Je reconnais que le cinéaste espagnol signe ici l’un de ses meilleurs scénarios. Moins forte que la plupart de ses héroïnes, Julieta arrive (parfois dans mon cas) à nous toucher par ses moments de joie, ses faiblesses, ses déchirements intérieurs et ses souffrances. Rôle qu’endossent à merveille Emma Suárez et Adriana Ugarte, prétendantes très crédibles au prix d’interprétation féminine lors du dernier Festival de Cannes. Quant à la mise en scène d’Almodovar, sans être sa meilleure, elle reste fluide et très maîtrisée. Le temps d’une scène, il arrive même à nous surprendre en changeant le ton (trop) sage, sérieux et conventionnel de son film en lui insufflant un climat anxiogène. Pour autant, si je n’arrive pas à lui trouver de gros défauts au vu de ses intentions de départ, il n’a jamais réussi à me captiver plus de cinq minutes d’affilée.
Pour être franc, si j’avais découvert le film en cours de route lors d’un passage télévisuel, il m’aurait été difficile de deviner que j’etais en présence d’un Almodovar. Bon, bien sûr, la présence de la couleur rouge, les beaux décors colorés, la reprise de la métaphore du train et son obsession (ici, trop marquée) pour Hitchcock sont autant d’indices reconnaissables entre mille. Mais, j’ai trouvé qu’il manquait cruellement de personnages fantasques comme Agrado (« Tout sur ma Mère ») ou de situations qui défient les bonnes mœurs comme la relation entre Benigno et Alicia dans « Parle avec Elle », qui faisaient tant le charme de son cinéma.

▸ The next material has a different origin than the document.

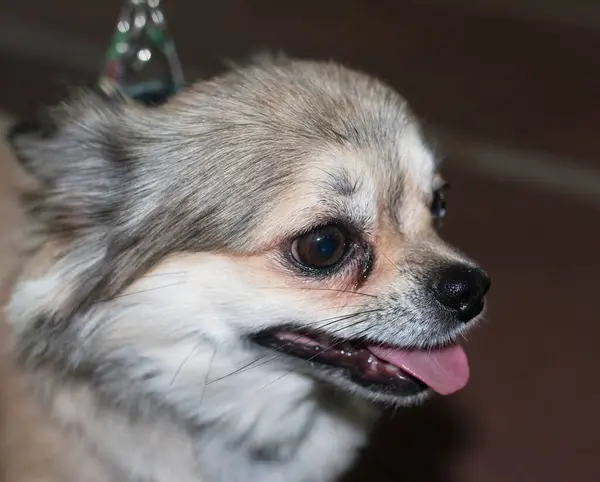 小さなサラブレッドの犬 — ストック写真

Julieta a touché mon ami du Christoblog qui s’est rendu compte qu’avec Almodovar, ils « vieillissent ensemble ».Il est, donc, en âge de pouvoir « recevoir les thémes » du film. Au fond, le cinéaste espagnol avait peut-être besoin de s’assagir pour aborder de la plus belle des façons : le temps qui passe, le retour sur le passé ou encore l’envol des enfants hors du cocon familial. Reste que moi, qui ne suis qu’au crépuscule de mon premier quart de siècle d’existence, j’ai encore besoin de me nourrir de la partie irrévérencieuse, provocante et poétique de son cinéma. Peut-être qu’avec le temps, Julieta arrivera à réellement me marquer. En tout cas, je l’espère.